Segment Open
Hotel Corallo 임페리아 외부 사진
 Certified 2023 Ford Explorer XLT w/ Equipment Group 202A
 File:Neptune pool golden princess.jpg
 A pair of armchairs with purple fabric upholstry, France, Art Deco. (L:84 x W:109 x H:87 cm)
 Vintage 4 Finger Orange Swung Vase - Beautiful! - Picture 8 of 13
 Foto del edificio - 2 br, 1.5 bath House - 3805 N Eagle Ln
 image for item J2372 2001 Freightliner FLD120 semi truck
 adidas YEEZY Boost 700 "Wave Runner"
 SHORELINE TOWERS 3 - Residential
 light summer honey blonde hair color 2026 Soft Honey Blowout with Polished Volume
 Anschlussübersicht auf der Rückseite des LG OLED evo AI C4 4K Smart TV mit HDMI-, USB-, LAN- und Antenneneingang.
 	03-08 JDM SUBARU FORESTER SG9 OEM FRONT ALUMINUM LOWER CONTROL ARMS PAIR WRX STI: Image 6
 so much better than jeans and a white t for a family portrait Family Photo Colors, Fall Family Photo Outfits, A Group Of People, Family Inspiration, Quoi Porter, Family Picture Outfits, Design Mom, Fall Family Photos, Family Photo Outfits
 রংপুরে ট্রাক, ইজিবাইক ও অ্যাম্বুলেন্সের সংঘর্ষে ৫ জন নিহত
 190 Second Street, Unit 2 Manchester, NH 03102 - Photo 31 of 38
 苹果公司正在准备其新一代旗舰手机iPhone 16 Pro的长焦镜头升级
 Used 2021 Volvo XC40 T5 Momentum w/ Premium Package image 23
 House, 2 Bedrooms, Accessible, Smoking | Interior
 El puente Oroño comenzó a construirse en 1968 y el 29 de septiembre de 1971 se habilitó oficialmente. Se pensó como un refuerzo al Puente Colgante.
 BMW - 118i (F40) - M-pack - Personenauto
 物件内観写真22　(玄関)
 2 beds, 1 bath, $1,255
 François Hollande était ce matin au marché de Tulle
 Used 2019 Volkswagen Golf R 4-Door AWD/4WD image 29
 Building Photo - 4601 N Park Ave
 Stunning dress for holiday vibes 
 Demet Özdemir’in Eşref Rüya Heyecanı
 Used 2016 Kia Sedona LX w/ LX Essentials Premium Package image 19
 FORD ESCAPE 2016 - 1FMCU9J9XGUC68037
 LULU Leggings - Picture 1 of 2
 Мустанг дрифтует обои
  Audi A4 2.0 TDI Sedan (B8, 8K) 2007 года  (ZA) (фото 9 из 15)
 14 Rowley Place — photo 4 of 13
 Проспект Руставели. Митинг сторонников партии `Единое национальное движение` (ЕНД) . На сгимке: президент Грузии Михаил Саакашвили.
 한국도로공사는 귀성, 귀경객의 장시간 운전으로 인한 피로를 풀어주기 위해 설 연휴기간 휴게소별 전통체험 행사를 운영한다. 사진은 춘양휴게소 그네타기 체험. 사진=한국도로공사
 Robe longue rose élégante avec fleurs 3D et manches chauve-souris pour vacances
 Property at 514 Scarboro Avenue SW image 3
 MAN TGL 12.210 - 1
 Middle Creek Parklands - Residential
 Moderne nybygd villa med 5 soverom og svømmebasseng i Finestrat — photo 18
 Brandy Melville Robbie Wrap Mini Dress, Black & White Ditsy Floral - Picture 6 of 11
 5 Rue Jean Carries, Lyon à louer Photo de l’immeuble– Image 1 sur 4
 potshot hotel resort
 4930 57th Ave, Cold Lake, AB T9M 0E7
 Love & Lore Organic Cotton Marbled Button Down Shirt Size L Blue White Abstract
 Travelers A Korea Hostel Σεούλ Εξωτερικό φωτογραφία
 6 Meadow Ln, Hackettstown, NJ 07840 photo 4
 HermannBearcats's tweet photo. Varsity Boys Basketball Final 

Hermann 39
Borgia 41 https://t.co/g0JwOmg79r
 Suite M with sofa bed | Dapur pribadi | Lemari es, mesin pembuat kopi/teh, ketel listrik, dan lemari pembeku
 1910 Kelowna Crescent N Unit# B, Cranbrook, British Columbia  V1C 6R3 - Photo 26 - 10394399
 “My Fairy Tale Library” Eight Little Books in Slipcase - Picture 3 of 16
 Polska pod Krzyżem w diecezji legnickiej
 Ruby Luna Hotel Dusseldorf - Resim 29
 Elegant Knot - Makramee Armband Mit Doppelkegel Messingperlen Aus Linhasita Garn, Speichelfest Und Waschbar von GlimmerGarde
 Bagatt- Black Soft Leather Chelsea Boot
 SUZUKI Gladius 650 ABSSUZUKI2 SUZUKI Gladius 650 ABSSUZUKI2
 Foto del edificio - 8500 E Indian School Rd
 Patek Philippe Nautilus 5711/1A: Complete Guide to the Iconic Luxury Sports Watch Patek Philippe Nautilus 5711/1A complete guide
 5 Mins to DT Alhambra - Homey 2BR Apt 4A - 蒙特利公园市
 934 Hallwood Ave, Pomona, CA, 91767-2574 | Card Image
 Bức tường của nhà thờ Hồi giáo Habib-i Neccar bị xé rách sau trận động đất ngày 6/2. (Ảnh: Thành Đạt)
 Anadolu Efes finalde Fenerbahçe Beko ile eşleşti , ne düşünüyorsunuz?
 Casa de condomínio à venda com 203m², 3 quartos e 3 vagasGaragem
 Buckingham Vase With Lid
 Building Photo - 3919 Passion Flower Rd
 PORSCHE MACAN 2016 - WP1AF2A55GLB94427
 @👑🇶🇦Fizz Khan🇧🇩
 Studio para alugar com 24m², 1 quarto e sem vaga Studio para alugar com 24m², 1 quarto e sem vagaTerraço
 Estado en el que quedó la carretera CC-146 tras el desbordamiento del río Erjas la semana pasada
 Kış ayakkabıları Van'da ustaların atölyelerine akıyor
Segment Closed
**Exercise prompt**:
Retype the listing above exactly as it appears.

**Output of the exercise**:
Hotel Corallo 임페리아 외부 사진
 Certified 2023 Ford Explorer XLT w/ Equipment Group 202A
 File:Neptune pool golden princess.jpg
 A pair of armchairs with purple fabric upholstry, France, Art Deco. (L:84 x W:109 x H:87 cm)
 Vintage 4 Finger Orange Swung Vase - Beautiful! - Picture 8 of 13
 Foto del edificio - 2 br, 1.5 bath House - 3805 N Eagle Ln
 image for item J2372 2001 Freightliner FLD120 semi truck
 adidas YEEZY Boost 700 "Wave Runner"
 SHORELINE TOWERS 3 - Residential
 light summer honey blonde hair color 2026 Soft Honey Blowout with Polished Volume
 Anschlussübersicht auf der Rückseite des LG OLED evo AI C4 4K Smart TV mit HDMI-, USB-, LAN- und Antenneneingang.
 	03-08 JDM SUBARU FORESTER SG9 OEM FRONT ALUMINUM LOWER CONTROL ARMS PAIR WRX STI: Image 6
 so much better than jeans and a white t for a family portrait Family Photo Colors, Fall Family Photo Outfits, A Group Of People, Family Inspiration, Quoi Porter, Family Picture Outfits, Design Mom, Fall Family Photos, Family Photo Outfits
 রংপুরে ট্রাক, ইজিবাইক ও অ্যাম্বুলেন্সের সংঘর্ষে ৫ জন নিহত
 190 Second Street, Unit 2 Manchester, NH 03102 - Photo 31 of 38
 苹果公司正在准备其新一代旗舰手机iPhone 16 Pro的长焦镜头升级
 Used 2021 Volvo XC40 T5 Momentum w/ Premium Package image 23
 House, 2 Bedrooms, Accessible, Smoking | Interior
 El puente Oroño comenzó a construirse en 1968 y el 29 de septiembre de 1971 se habilitó oficialmente. Se pensó como un refuerzo al Puente Colgante.
 BMW - 118i (F40) - M-pack - Personenauto
 物件内観写真22　(玄関)
 2 beds, 1 bath, $1,255
 François Hollande était ce matin au marché de Tulle
 Used 2019 Volkswagen Golf R 4-Door AWD/4WD image 29
 Building Photo - 4601 N Park Ave
 Stunning dress for holiday vibes 
 Demet Özdemir’in Eşref Rüya Heyecanı
 Used 2016 Kia Sedona LX w/ LX Essentials Premium Package image 19
 FORD ESCAPE 2016 - 1FMCU9J9XGUC68037
 LULU Leggings - Picture 1 of 2
 Мустанг дрифтует обои
  Audi A4 2.0 TDI Sedan (B8, 8K) 2007 года  (ZA) (фото 9 из 15)
 14 Rowley Place — photo 4 of 13
 Проспект Руставели. Митинг сторонников партии `Единое национальное движение` (ЕНД) . На сгимке: президент Грузии Михаил Саакашвили.
 한국도로공사는 귀성, 귀경객의 장시간 운전으로 인한 피로를 풀어주기 위해 설 연휴기간 휴게소별 전통체험 행사를 운영한다. 사진은 춘양휴게소 그네타기 체험. 사진=한국도로공사
 Robe longue rose élégante avec fleurs 3D et manches chauve-souris pour vacances
 Property at 514 Scarboro Avenue SW image 3
 MAN TGL 12.210 - 1
 Middle Creek Parklands - Residential
 Moderne nybygd villa med 5 soverom og svømmebasseng i Finestrat — photo 18
 Brandy Melville Robbie Wrap Mini Dress, Black & White Ditsy Floral - Picture 6 of 11
 5 Rue Jean Carries, Lyon à louer Photo de l’immeuble– Image 1 sur 4
 potshot hotel resort
 4930 57th Ave, Cold Lake, AB T9M 0E7
 Love & Lore Organic Cotton Marbled Button Down Shirt Size L Blue White Abstract
 Travelers A Korea Hostel Σεούλ Εξωτερικό φωτογραφία
 6 Meadow Ln, Hackettstown, NJ 07840 photo 4
 HermannBearcats's tweet photo. Varsity Boys Basketball Final 

Hermann 39
Borgia 41 https://t.co/g0JwOmg79r
 Suite M with sofa bed | Dapur pribadi | Lemari es, mesin pembuat kopi/teh, ketel listrik, dan lemari pembeku
 1910 Kelowna Crescent N Unit# B, Cranbrook, British Columbia  V1C 6R3 - Photo 26 - 10394399
 “My Fairy Tale Library” Eight Little Books in Slipcase - Picture 3 of 16
 Polska pod Krzyżem w diecezji legnickiej
 Ruby Luna Hotel Dusseldorf - Resim 29
 Elegant Knot - Makramee Armband Mit Doppelkegel Messingperlen Aus Linhasita Garn, Speichelfest Und Waschbar von GlimmerGarde
 Bagatt- Black Soft Leather Chelsea Boot
 SUZUKI Gladius 650 ABSSUZUKI2 SUZUKI Gladius 650 ABSSUZUKI2
 Foto del edificio - 8500 E Indian School Rd
 Patek Philippe Nautilus 5711/1A: Complete Guide to the Iconic Luxury Sports Watch Patek Philippe Nautilus 5711/1A complete guide
 5 Mins to DT Alhambra - Homey 2BR Apt 4A - 蒙特利公园市
 934 Hallwood Ave, Pomona, CA, 91767-2574 | Card Image
 Bức tường của nhà thờ Hồi giáo Habib-i Neccar bị xé rách sau trận động đất ngày 6/2. (Ảnh: Thành Đạt)
 Anadolu Efes finalde Fenerbahçe Beko ile eşleşti , ne düşünüyorsunuz?
 Casa de condomínio à venda com 203m², 3 quartos e 3 vagasGaragem
 Buckingham Vase With Lid
 Building Photo - 3919 Passion Flower Rd
 PORSCHE MACAN 2016 - WP1AF2A55GLB94427
 @👑🇶🇦Fizz Khan🇧🇩
 Studio para alugar com 24m², 1 quarto e sem vaga Studio para alugar com 24m², 1 quarto e sem vagaTerraço
 Estado en el que quedó la carretera CC-146 tras el desbordamiento del río Erjas la semana pasada
 Kış ayakkabıları Van'da ustaların atölyelerine akıyor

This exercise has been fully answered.